> **YOUR ASSIGNMENT**:
Pictures are to be left out, and only the lines from the one with "You can see this" through the last line of the listing below are to be repeated exactly.
***
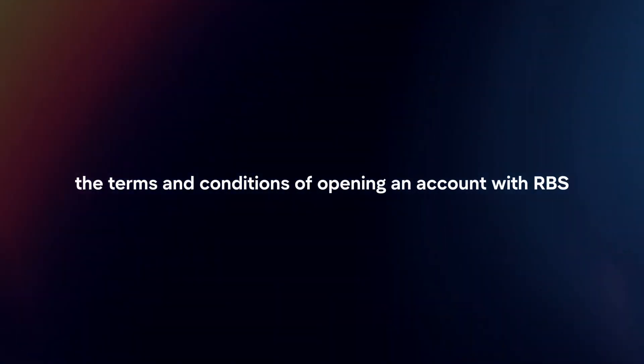Agree to terms and conditions. Review and agree to the terms and conditions of opening an account with RBS, including any fees, charges, and account policies.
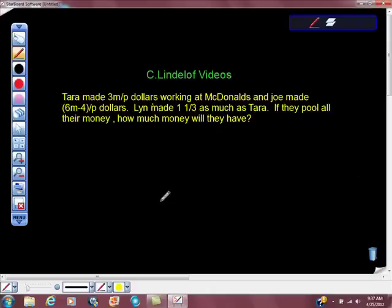Tara made 3M over P dollars working at McDonald's, and Joe made 6M minus 4 over P dollars. Lynn made 1 and 1 third times as much as Tara. If they pool all their money, how much money will they have?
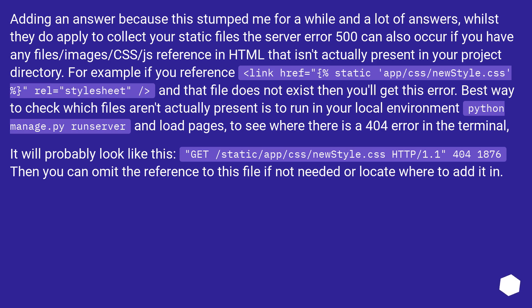Best way to check which files aren't actually present is to run in your local environment python manage.py runserver and load pages to see where there is a 404 error in the terminal. It will probably look like this: GET /static/app/css/newstyle.css HTTP/1.1 404. Then you can omit the reference to this file if not needed or locate where to add it in.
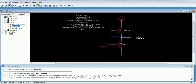In the previous video we covered the common source amplifier with a diode-connected load, including its simulation, design, and everything. Now in this video we will see how to obtain the layout for the same.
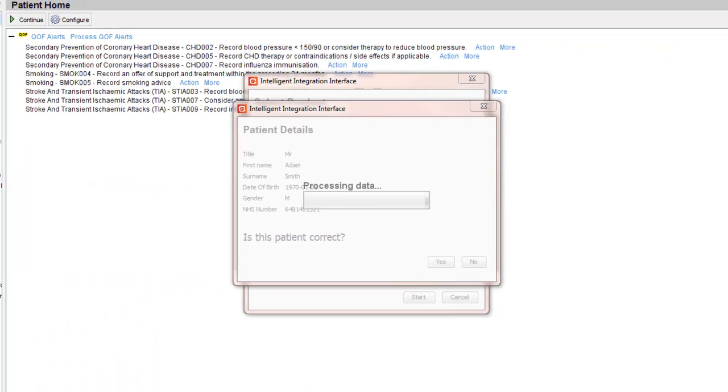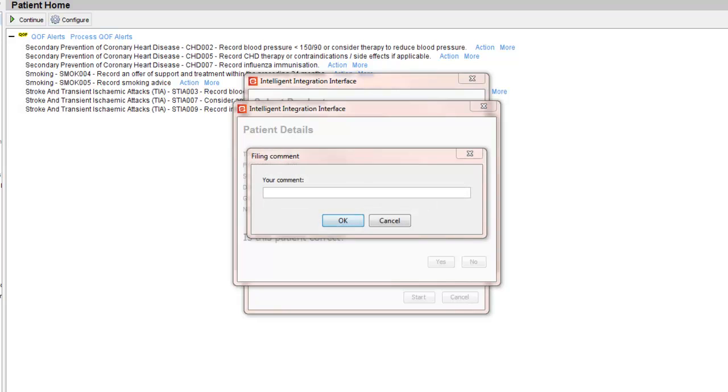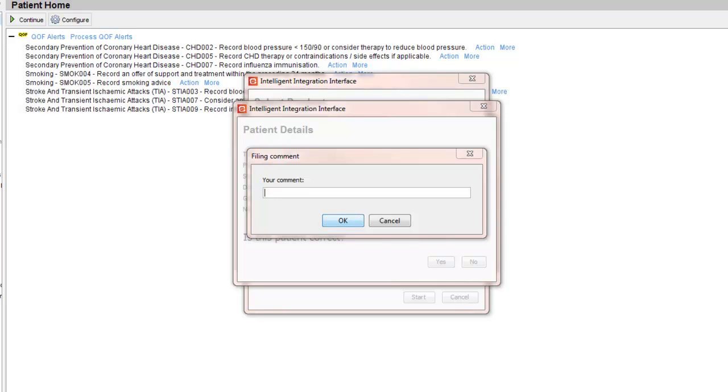This differs from many traditional trolley-based ECG machines, which often record for a period of time after the acquisition button is pressed. As part of the filing process, you have the opportunity to enter a comment to be filed alongside the ECG report in System 1. For example, you might want to note any patient-specific symptoms or who requested the ECG. We will just enter the word Training so that you can see where it appears.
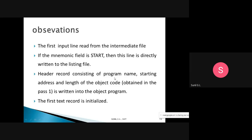This Pass 2 algorithm is very important and is likely to be asked for 10 to 12 marks. Once again, the observations are: read the first input line; if the mnemonic field is START, directly write that line to the listing file; copy the header record to the object program and initialize the first text record.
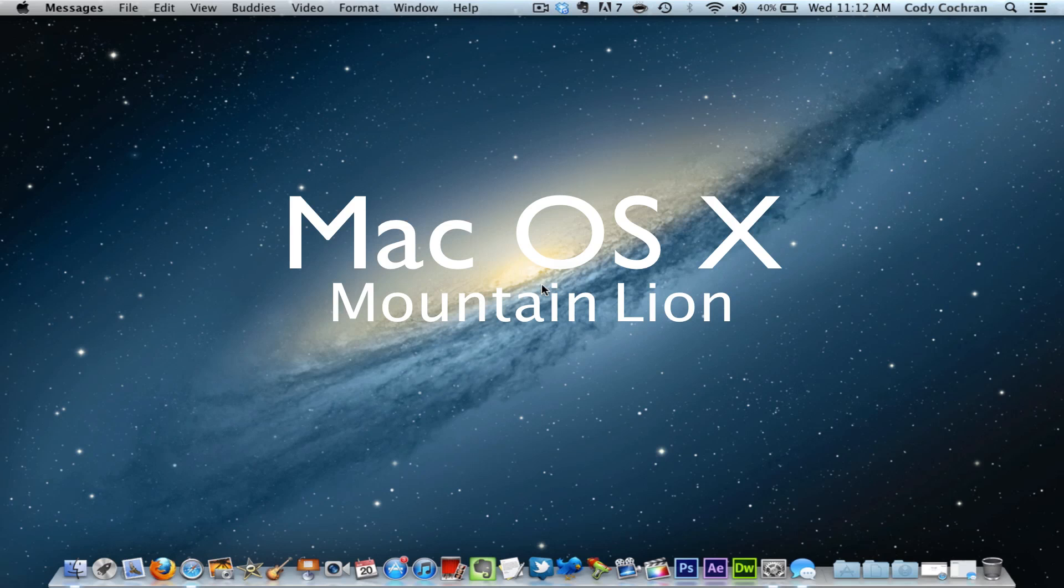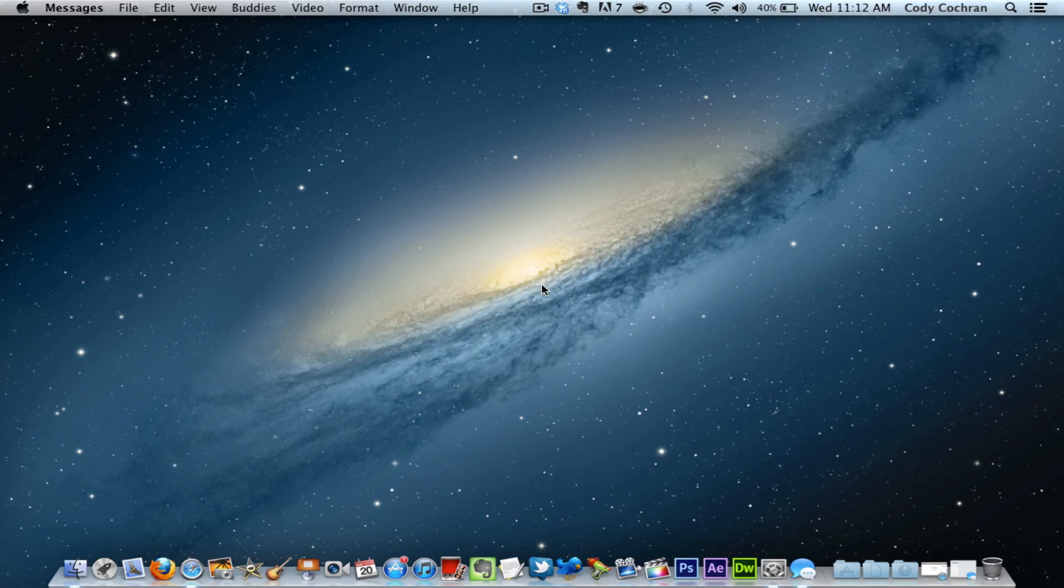What's up guys, today we're going to take a quick look at Mac OS X Mountain Lion Developer Preview 4. We're going to start off with the new Notification Center up here.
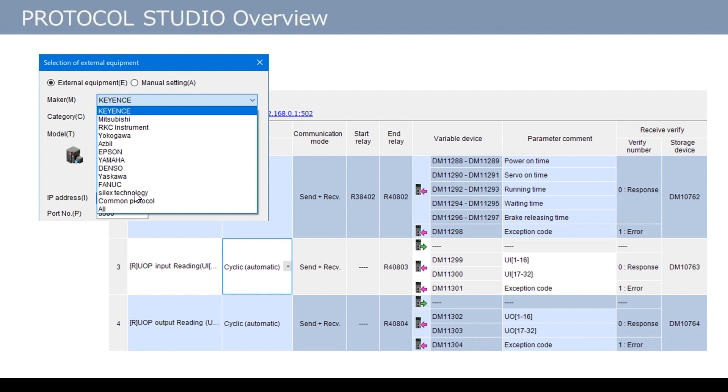Displayed models are the ones which Keyence has set the data format and verified performance beforehand. Therefore, if the corresponding Maker and Model are listed, the user can start communicating just by selecting them. Even if not listed, communication becomes available after the user sets the data format.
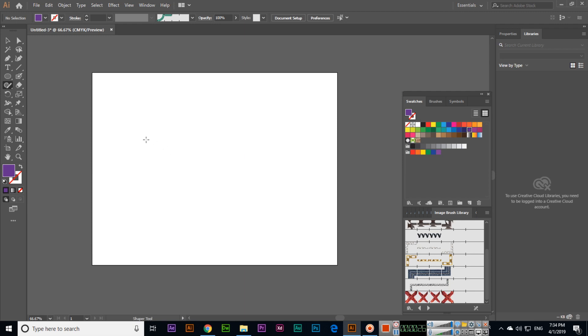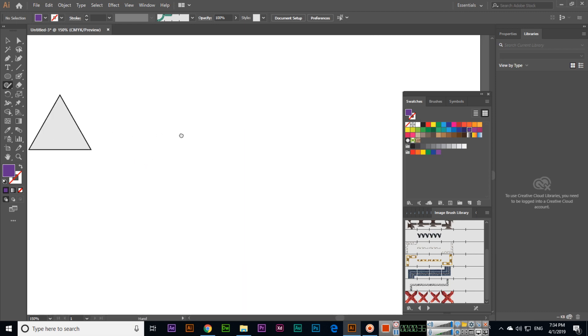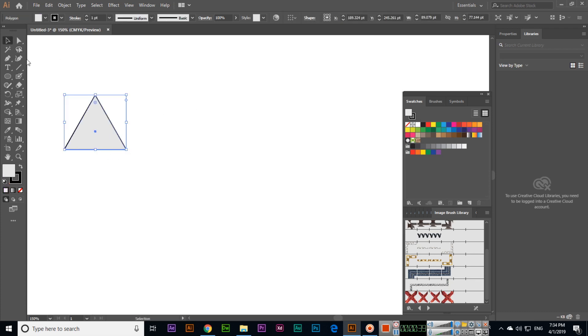You can see this will become a fully editable shape, like a real triangle. If you select this, you can even change the color.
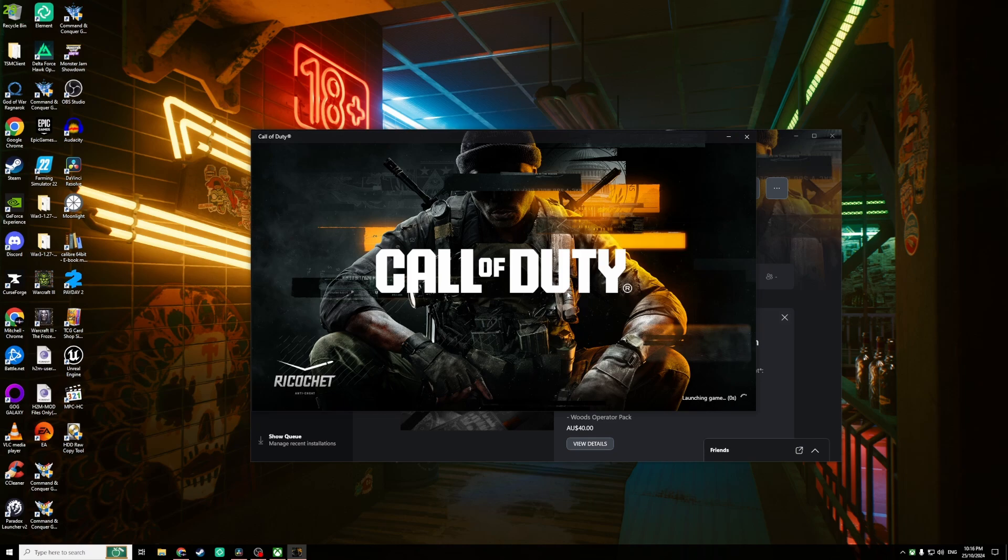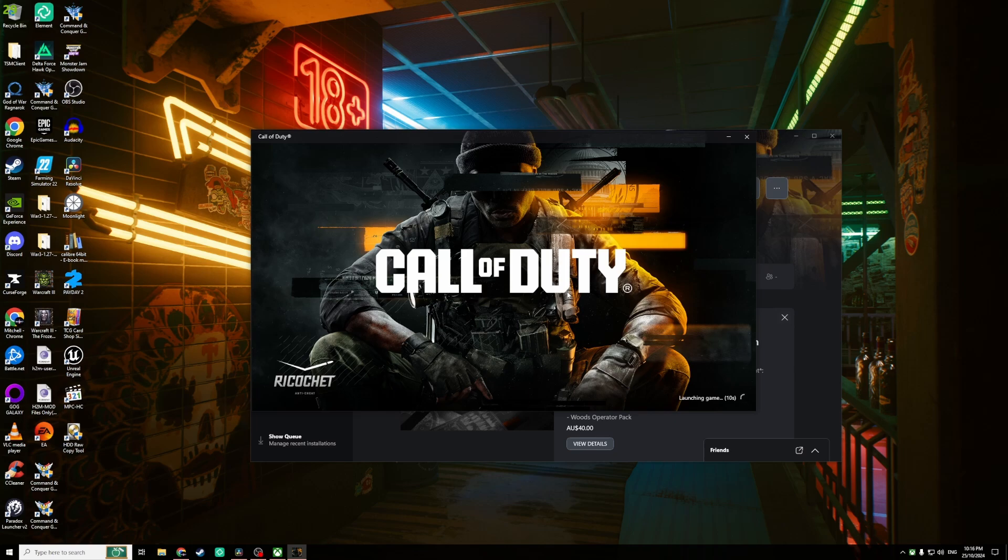After some time it may pop up with 'last time you launched this game it didn't work, do you want to run it in safe mode?' You can press yes, no, or cancel. I typically press no.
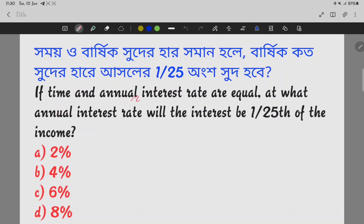If time and annual interest rate are equal, at what annual interest rate will the interest be 1/25th of the income? Whether it is 2%, 4%, 6%, or 8%. We will find the number of the income.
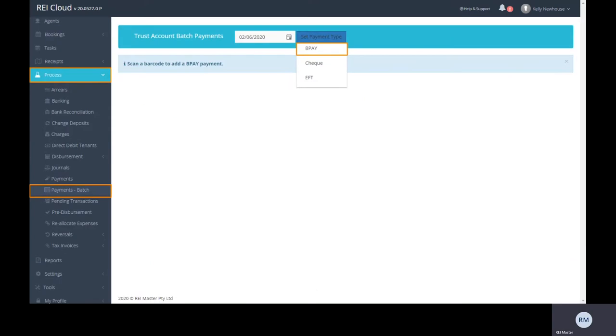Now go to the process and payment batch. If you are using a barcode scanner for this process, simply begin scanning. If you don't have a barcode scanner, just select the BPAY option from the drop-down menu.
***
> **PROBLEM SOLUTION**:
You can see this will become a fully editable shape, like a real triangle. If you select this, you can even change the color.
After some time it may pop up with 'last time you launched this game it didn't work, do you want to run it in safe mode?' You can press yes, no, or cancel. I typically press no.
If time and annual interest rate are equal, at what annual interest rate will the interest be 1/25th of the income? Whether it is 2%, 4%, 6%, or 8%. We will find the number of the income.
Now go to the process and payment batch. If you are using a barcode scanner for this process, simply begin scanning. If you don't have a barcode scanner, just select the BPAY option from the drop-down menu.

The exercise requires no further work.